在debug了一下之后,我发现了有可能是bug的地方。
# -*- coding: gbk -*-
import scrapy
from scrapy.http import FormRequest
import json
import os
from datetime import datetime
from scrapy.selector import Selector
from teacherCourse.handlePic import handle
from teacherCourse.items import DetailProfItem
from teacherCourse.items import DetailProfCourseItem
from teacherCourse.items import containItem
class GetTeacherCourseSpider(scrapy.Spider):
name = 'TeacherCourse'
# custom_settings = {
# 'ITEM_PIPELINES': {
# 'teacherCourse.pipelines.TeacherCoursePipeline': 300,
# }
# }
def __init__(self, selXNXQ='', titleCode=''):
self.getUrl = 'http://jwxt.dgut.edu.cn/jwweb/ZNPK/TeacherKBFB.aspx' # first
self.vcodeUrl = 'http://jwxt.dgut.edu.cn/jwweb/sys/ValidateCode.aspx' # second
self.postUrl = 'http://jwxt.dgut.edu.cn/jwweb/ZNPK/TeacherKBFB_rpt.aspx' # third
self.findSessionId = None # to save the cookies
self.XNXQ = selXNXQ
self.titleCode = titleCode
def start_requests(self):
request = scrapy.Request(self.getUrl,
callback = self.downloadPic)
yield request
def downloadPic(self, response):
# download the picture
# find the session id
self.findSessionId = response.headers.getlist('Set-Cookie')[0].decode().split(";")[0].split("=")
request = scrapy.Request(self.vcodeUrl,
cookies= {self.findSessionId[0]: self.findSessionId[1]},
callback = self.getAndHandleYzm)
yield request
def getAndHandleYzm(self, response):
yzm = handle(response.body)
yield FormRequest(self.postUrl,
formdata={'Sel_XNXQ': '20151',
'sel_zc': '011',
'txt_yzm': yzm,
'type': '2'},
headers={
'Referer': 'http://jwxt.dgut.edu.cn/jwweb/ZNPK/TeacherKBFB.aspx',
'Cookie': self.findSessionId[0] + '=' + self.findSessionId[1],
},
callback=self.parse)
def parse(self, response):
body = response.body.decode('gbk')
# bug code begin
num = body.find('alert')
if num != -1:
# means CAPTCHA validation fails, need to re-request the CAPTCHA
yield scrapy.Request(self.vcodeUrl+'?t='+'%.f' % (datetime.now().microsecond / 1000),
headers={
'Referer': 'http://jwxt.dgut.edu.cn/jwweb/ZNPK/TeacherKBFB.aspx',
'Cookie': self.findSessionId[0]+'='+self.findSessionId[1]
},
callback=self.getAndHandleYzm) # re request the url to solve the validation code fail problem
# bug code done
else:
# parse data
self.parseData(body)
# item = containItem()
# item['first'] = len(body)
# return item # 改成yield就可以,但是还是没法解释问题
def parseData(body):
# parse data
# 有点长就不放了,我将item输出到终端能显示结果
yield item # 就是这句,不能yield到pipeline
我也弄不懂为什么注释这段就可以,但是这段是我当验证码出错时重复求验证码的部分,不能少。

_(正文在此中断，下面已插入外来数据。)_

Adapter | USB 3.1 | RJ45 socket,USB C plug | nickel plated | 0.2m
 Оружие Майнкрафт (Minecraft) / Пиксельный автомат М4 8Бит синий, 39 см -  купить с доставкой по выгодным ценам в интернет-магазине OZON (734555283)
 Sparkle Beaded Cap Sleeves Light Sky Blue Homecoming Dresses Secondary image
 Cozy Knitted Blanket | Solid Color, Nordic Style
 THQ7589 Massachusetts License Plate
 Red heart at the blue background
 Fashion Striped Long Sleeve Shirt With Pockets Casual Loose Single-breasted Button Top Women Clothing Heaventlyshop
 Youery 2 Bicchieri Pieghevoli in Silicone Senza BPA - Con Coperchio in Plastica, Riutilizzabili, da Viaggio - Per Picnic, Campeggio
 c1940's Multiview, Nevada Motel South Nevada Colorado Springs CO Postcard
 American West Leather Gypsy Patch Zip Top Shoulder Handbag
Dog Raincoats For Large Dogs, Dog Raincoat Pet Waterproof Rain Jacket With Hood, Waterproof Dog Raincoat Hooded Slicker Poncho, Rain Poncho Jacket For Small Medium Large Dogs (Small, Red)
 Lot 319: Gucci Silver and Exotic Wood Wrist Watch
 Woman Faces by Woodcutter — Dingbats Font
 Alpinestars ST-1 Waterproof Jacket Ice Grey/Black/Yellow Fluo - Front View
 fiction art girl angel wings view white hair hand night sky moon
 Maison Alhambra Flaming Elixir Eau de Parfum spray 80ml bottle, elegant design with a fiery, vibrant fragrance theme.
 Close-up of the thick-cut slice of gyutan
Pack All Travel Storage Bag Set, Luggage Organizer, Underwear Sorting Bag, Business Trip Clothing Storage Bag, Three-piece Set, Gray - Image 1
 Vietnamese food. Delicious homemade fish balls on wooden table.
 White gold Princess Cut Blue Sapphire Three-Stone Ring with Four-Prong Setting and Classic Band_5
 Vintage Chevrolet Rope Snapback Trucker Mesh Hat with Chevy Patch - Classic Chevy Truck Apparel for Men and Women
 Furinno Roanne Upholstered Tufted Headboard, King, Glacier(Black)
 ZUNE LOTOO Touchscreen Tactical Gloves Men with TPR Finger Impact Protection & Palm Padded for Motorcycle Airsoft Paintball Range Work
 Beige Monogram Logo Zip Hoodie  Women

求各位大牛解释解释
Update:
我把parseData
函数的body部分合并到parse
函数里,然后就可以了。但是我又不懂了,为什么分开就不行呢?一定要在parse
函数里yield
才可以吗?
Update2:
改成这样就可以了
def parse(self, response):
...
for r in self.parseData(body):
yield r
def parseData(body):
...
yield item
你这样试试
def parse(self, response):
...
yield self.parseData(body)
def parseData(body):
return ...